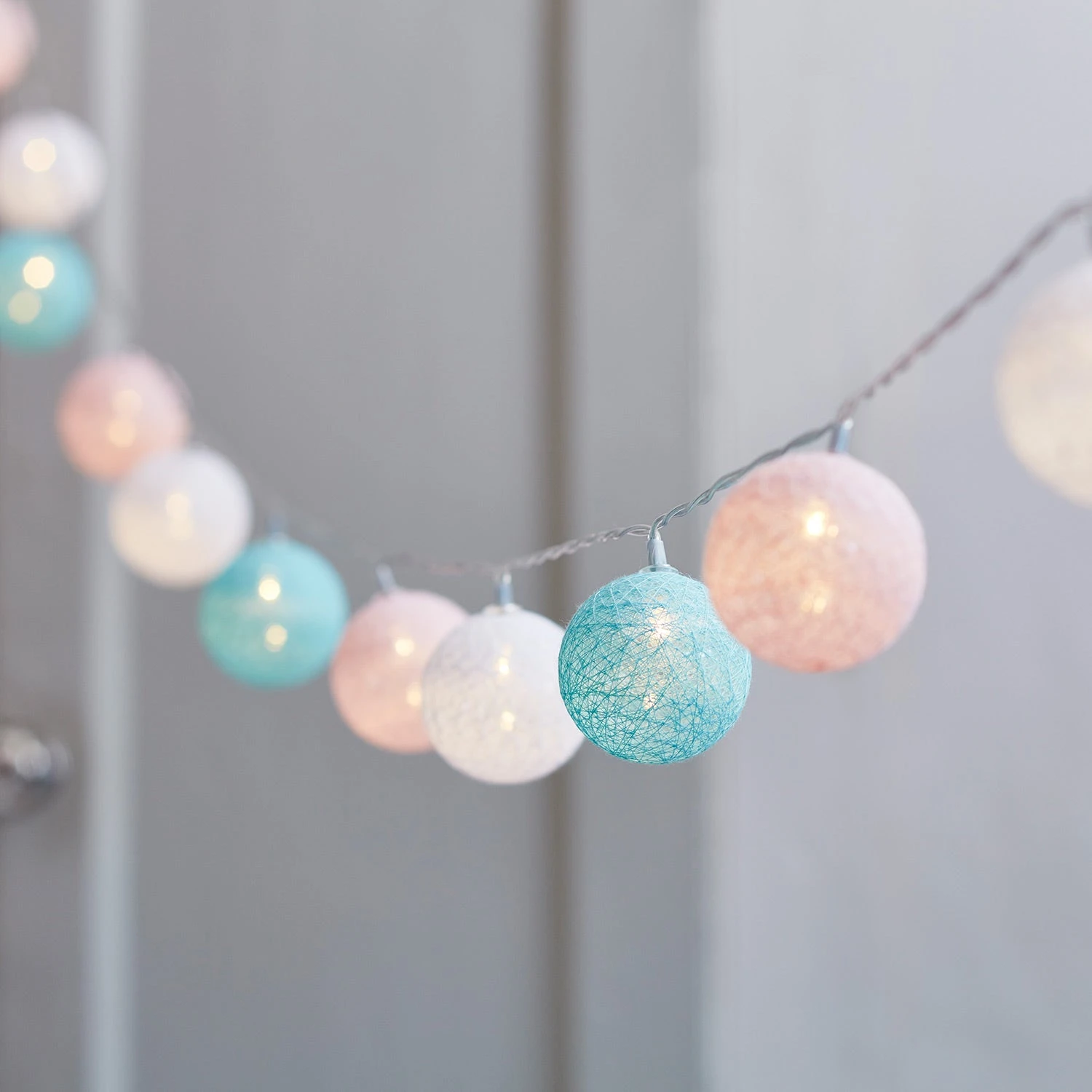Guirlande Lumineuse LED 20 Boules De Coton Pastel 1 Guirlande Lumineuse LED 20 Boules De Coton Pastel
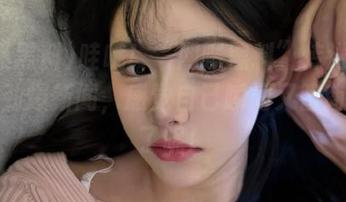 哇哦！“网曝黑料”传送门里又有劲爆新闻，感觉自己瞬间又智商掉线了呢！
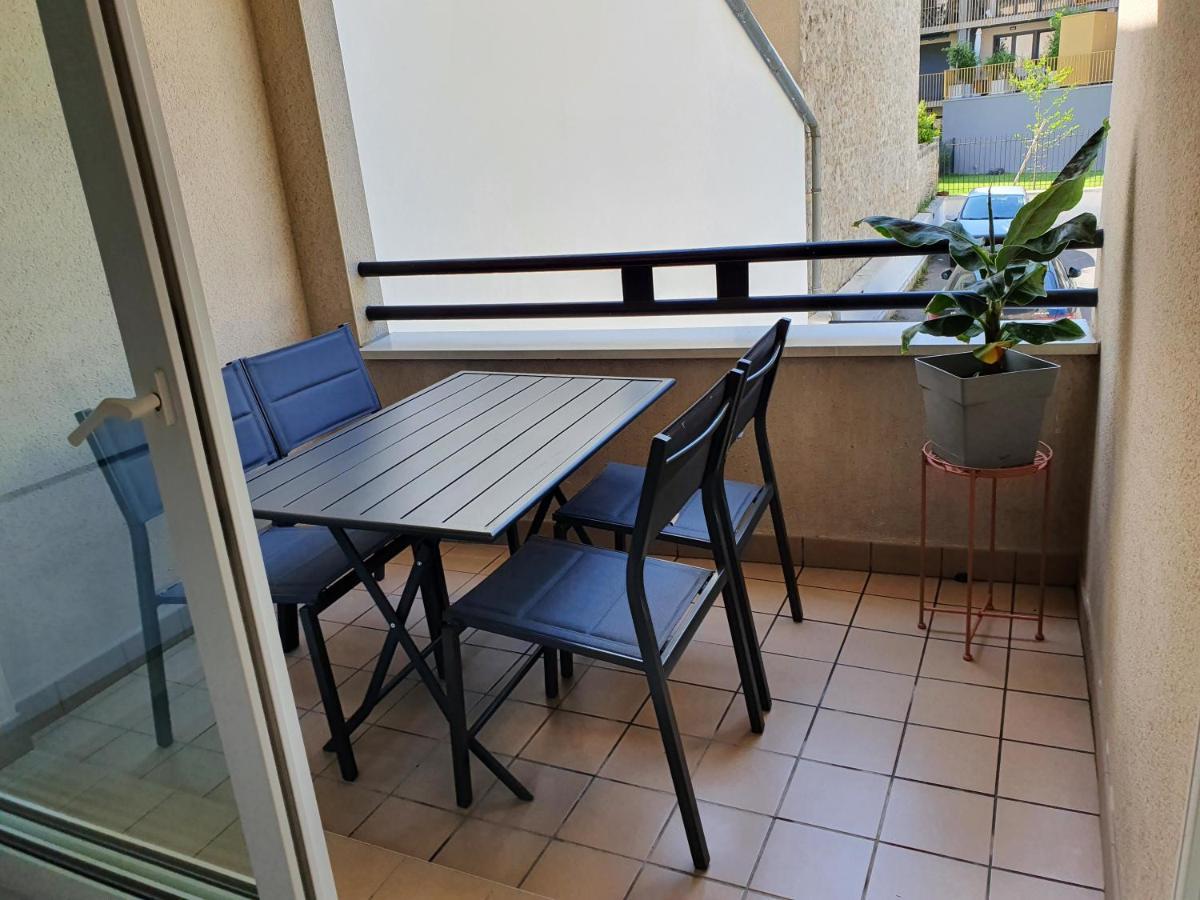 Magnifique Appartement Avec Garage Prive Et Terrasse Reims Buitenkant foto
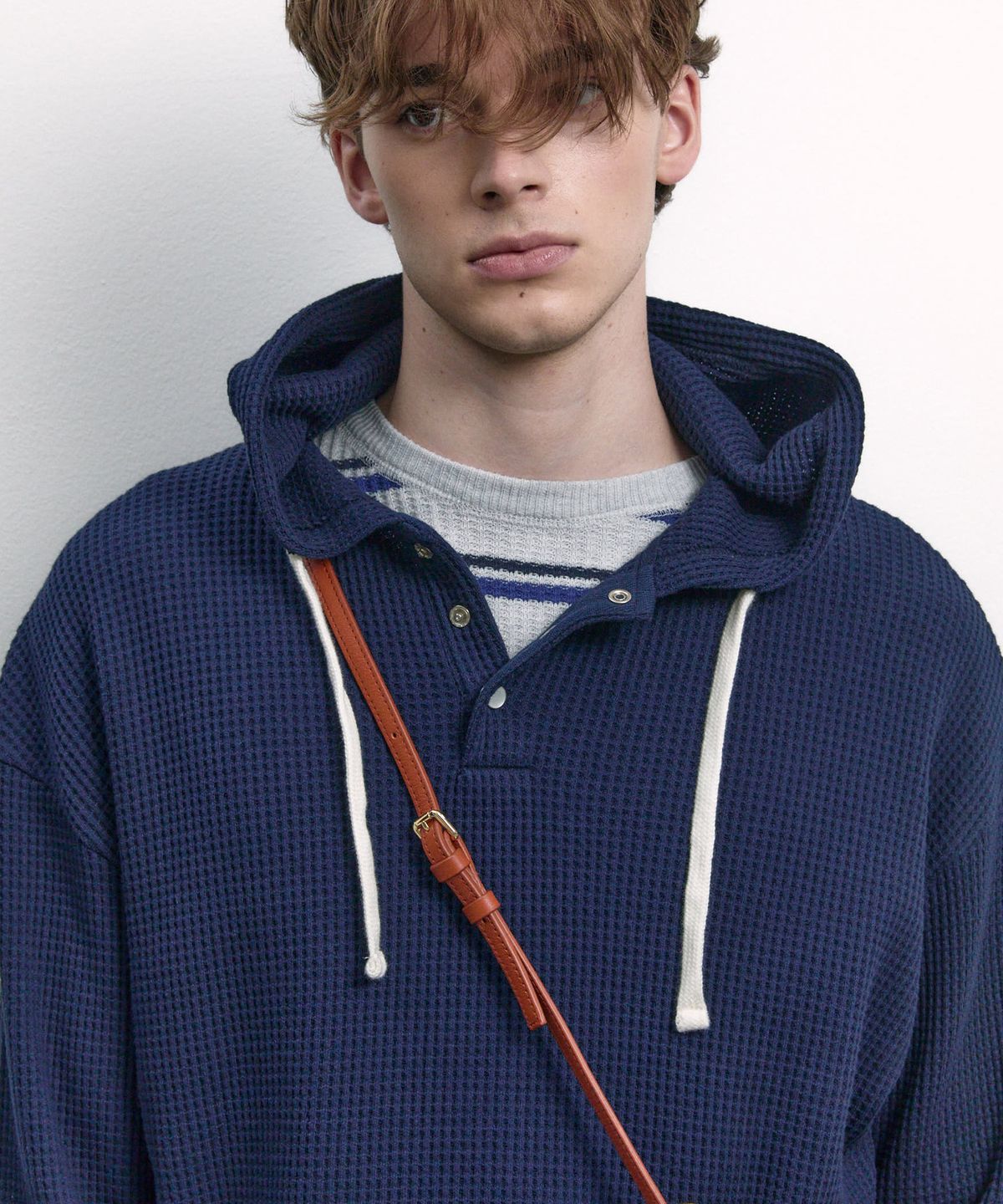 노앙(NOHANT) UTILITY PREPPY WAFFLE HOODIE NAVY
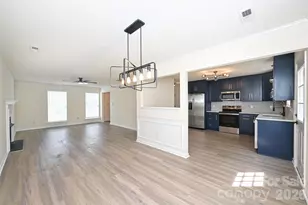 11118 Gold Pan Rd, Charlotte, NC 28215 - Photo 14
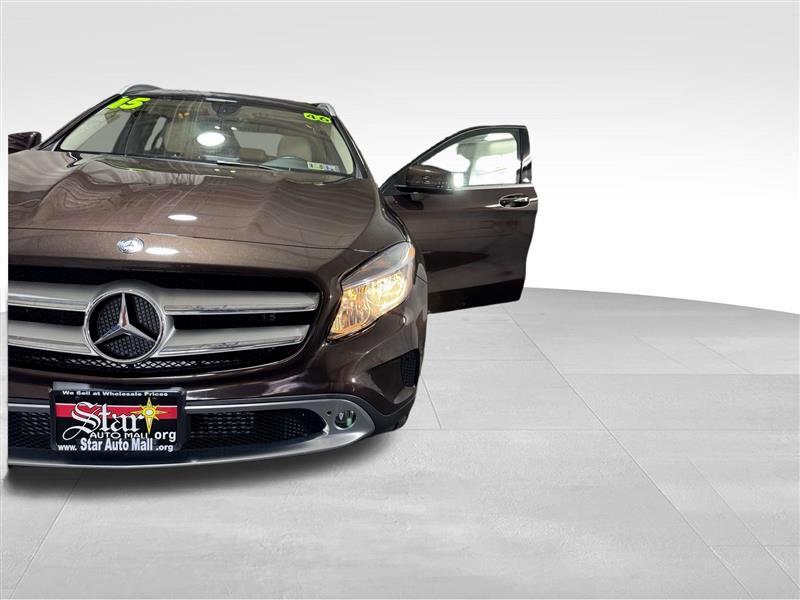 2015 Mercedes Benz GLA 250 photo 27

**The task**
Each record above is to be restated exactly, with its pictures removed from the copy.

**Result of the task**
Guirlande Lumineuse LED 20 Boules De Coton Pastel 1 Guirlande Lumineuse LED 20 Boules De Coton Pastel
 哇哦！“网曝黑料”传送门里又有劲爆新闻，感觉自己瞬间又智商掉线了呢！
 Magnifique Appartement Avec Garage Prive Et Terrasse Reims Buitenkant foto
 노앙(NOHANT) UTILITY PREPPY WAFFLE HOODIE NAVY
 11118 Gold Pan Rd, Charlotte, NC 28215 - Photo 14
 2015 Mercedes Benz GLA 250 photo 27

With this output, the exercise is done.